There is something unexplained happening to the women who attempt safe passage as they travel back and forth to work in Ciudad Juárez, Mexico. To the U.S.-owned factories, La Ruta is just a bus, but to the women who live, work and often disappear along the route, it’s so much more than that. A tale ripped from the news and newspapers, Steppenwolf Theater brings this harrowing reality to the forefront in Chicago-based playwright Isaac Gomez’s play. In her Steppenwolf directorial debut, Sandra Marquez, and an all-female cast provide audiences with a snapshot of what life was like during the late 1990s and early 2000s for many of these women eking out a living.
Global femicide is a complex issue, and one that the public doesn’t know (or, perhaps, care enough) about. Why do you think this is?

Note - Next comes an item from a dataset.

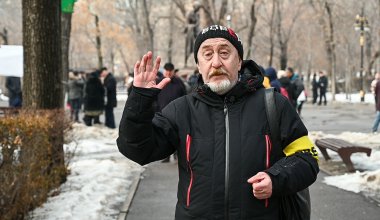Поджог авто оператора канала "Гиперборей": полиция Алматы завела уголовное дело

What a big question without easy answers. In a nutshell, the oppression of women, especially women of color, has long been normalized in our society. There are systems in place — economic, geographic, social, political and more — that normalize the lack of awareness and response to violence against women, internationally. Global femicide continues mostly undocumented, silenced, and perpetuated because society fails to see the humanity of women and femmes.
What are your thoughts on possible solutions?
It would take generations to undo the hundreds of years of misogyny that allows global femicide to be normalized and a part of everyday life. I’m not sure how to solve the systemic issue itself, nor is that something the play is trying to do. However, interpersonal change can occur when one experiences a live performance that showcases a point of view or perspective not like our own. La Ruta cannot end global femicide. But it can begin a discussion where one might not ordinarily occur, and seeing Mexican women in all their nuance and complexity on stage combatting stereotypes one often sees in plays, television shows, and a film is a crucial place to start.
What are you hoping audiences will take away from this play?
Every single woman in this play is based on a real person. And although some names have been changed for their protection, the violence they face and their resilience has not. I want the audience to not only see the tragedy that the women of Juarez face, but their ability to endure and find empowerment within their circumstances, as well. And how the issues women in Juarez are facing are not far removed from issues women are facing in America and all over the world.
What is the biggest revelation in the play?
Without giving too much away, I think that audiences will be surprised at how the outside forces that allow the murder of the women in Juarez are really embedded in the day-to-day lives of these women.
La Ruta runs through Jan. 27, 2019, at Chicago’s Steppenwolf Theater, 1650 N. Halsted Street.